Consolidated Edison Inc. confirmed Feb. 18 that it will "explore strategic alternatives" for its unregulated Con Edison Clean Energy Businesses Inc. subsidiary.
The New York-headquartered investor-owned utility first disclosed its planned strategic evaluation in fourth-quarter 2021 and year-end earnings materials released Feb. 17. The company did not provide details about whether a full unit sale, spinoff or asset sales are part of the review.
Con Edison Clean Energy Businesses, or CEB, operates through three subsidiaries: Con Edison Energy Inc., Consolidated Edison Development Inc. and Consolidated Edison Solutions Inc.
Scotia Capital (USA) Inc. analyst Andrew Weisel said Con Edison's plan to maximize value from CEB "seems like a good strategy to us" despite the firm forecasting 7% to 10% annual earnings growth for the subsidiary.
"CEB's backlog of projects is large enough that management sees ample opportunity to continue to [develop projects and transfer to third parties], supporting future earnings growth," Weisel wrote in a Feb. 18 research report. "That said, management is evaluating strategic alternatives for the portfolio as a whole as the company doesn't believe that the stock reflects the value of the business. We see a sale as reasonably likely, the proceeds from which could reduce [Con Edison's] equity needs."

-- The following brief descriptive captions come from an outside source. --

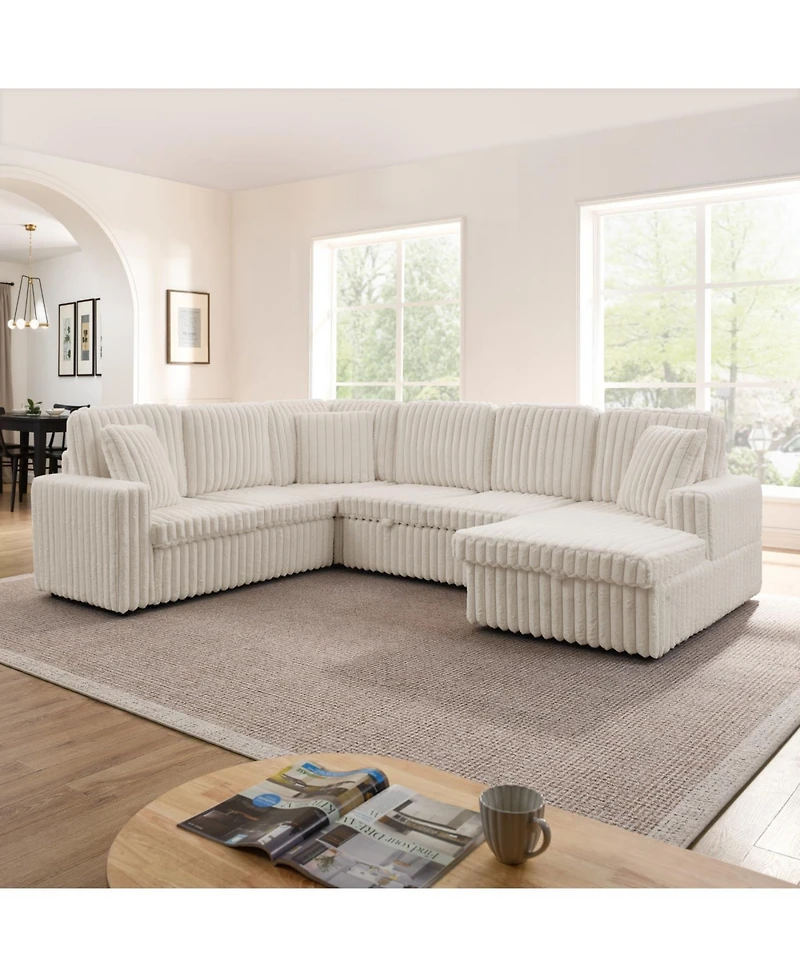Streamdale Furniture Streamdale Beige Corduroy Striped U-shaped Sofa with Pull-out Bed & Storage Chaise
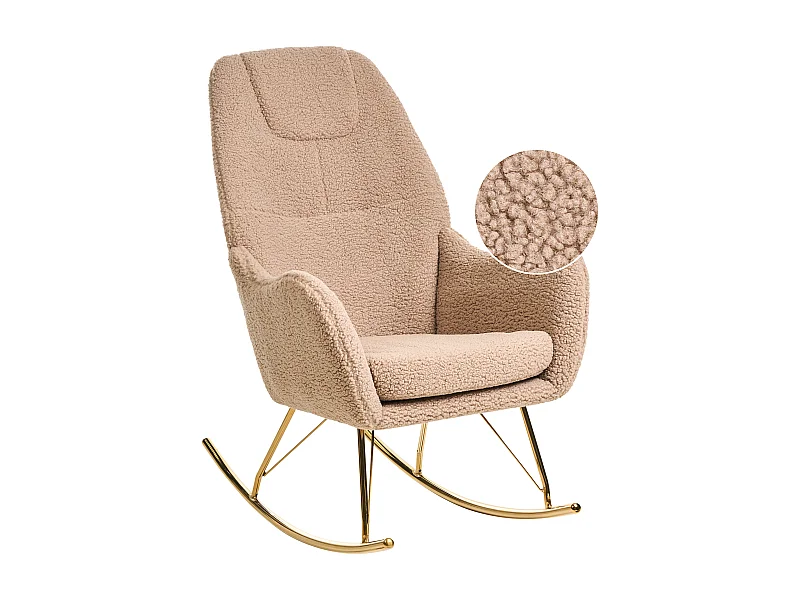 Fauteuil à bascule GULSELE Bouclé Beige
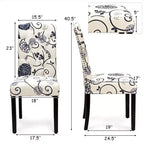 Costway Lot de 2 Chaises de Salle à Manger Rembourrées avec Rivets et Pieds en Bois de Caoutchouc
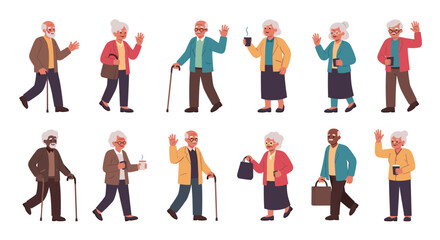 Senior men and women in various poses such as walking with canes, holding coffee mugs, and waving hello in a diverse flat character set.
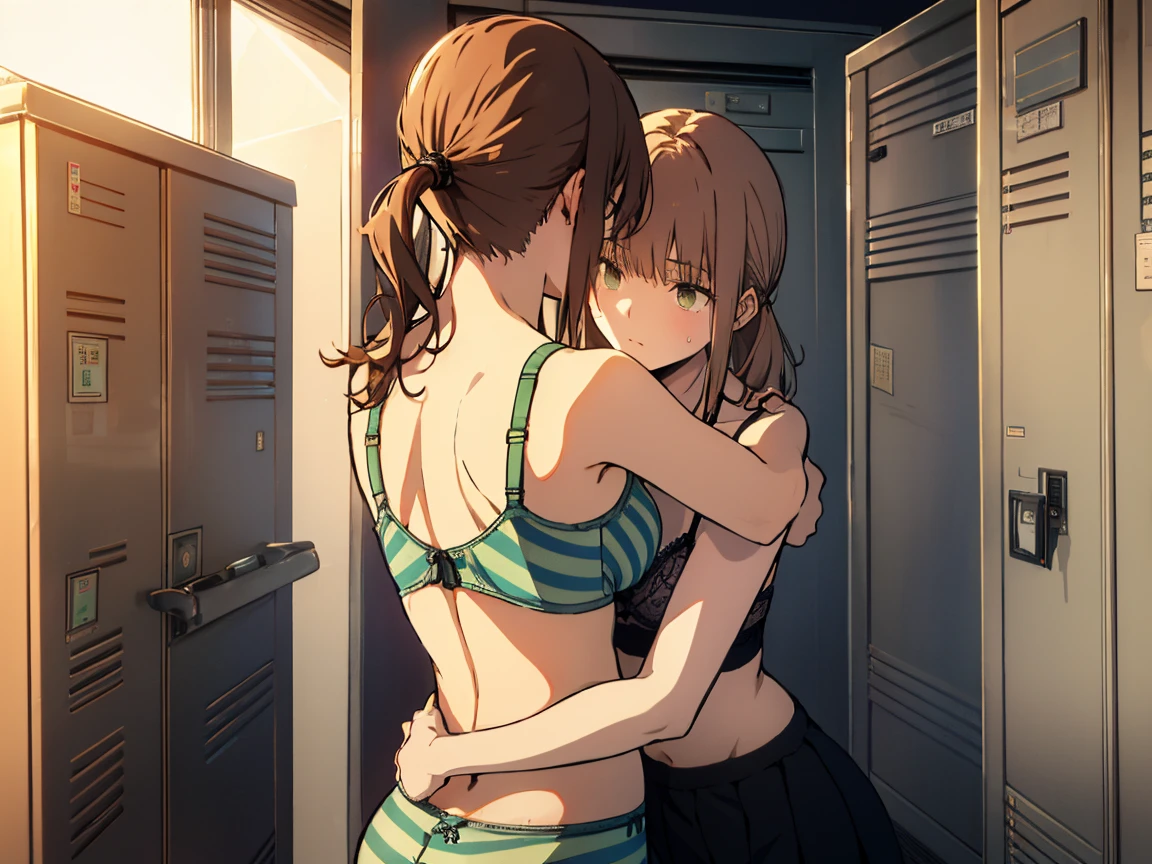 (highest qualityのイラスト:1.2), (cute girl:1.1), (1 girl, alone:1), (2 girls、、、、small、cute、cute、small胸、 Very detailedな目:1.2)、(Yuri、kiss、Hug from behind、grab、eyes half closed、eye contact:1.Sweat、I was embraced、blush:1.1)、 break White Bra、ピンクのgood、Blue Bra、Green bra、Grey Bra、light Grey Bra、 Striped bra、水玉模様がgood、goodチェック柄、 cute、good、kids good、sporty、camisole、Cotton panties、School Skirt、Blake Black Hair、Blue Hair、Brown Hair、extra belly short hair、 short hair、Mid-length hair、Hair length、Wavy Hair、Curly Hair、Pale pink braids、Princess Cut、Bobcut、Twin tails、低いTwin tails、 ponytail、ライトブルーのローponytail、break(locker room:1.2)、(evening、evening、Orange sunlight:1.2)、 break(highest quality、Very detailed、Very detailed and beautiful 、超A high resolution、Arm details:1.2)、Browsing Caution　Beautiful Pool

The clean energy unit has about 3,000 MW of planned and operating solar and wind projects in its portfolio sited in markets throughout the U.S., according to S&P Global Market Intelligence data. In addition, Consolidated Edison Development's 150-MW Timberwolf Battery Storage 2 project is in early development in the Electric Reliability Council of Texas Inc. market.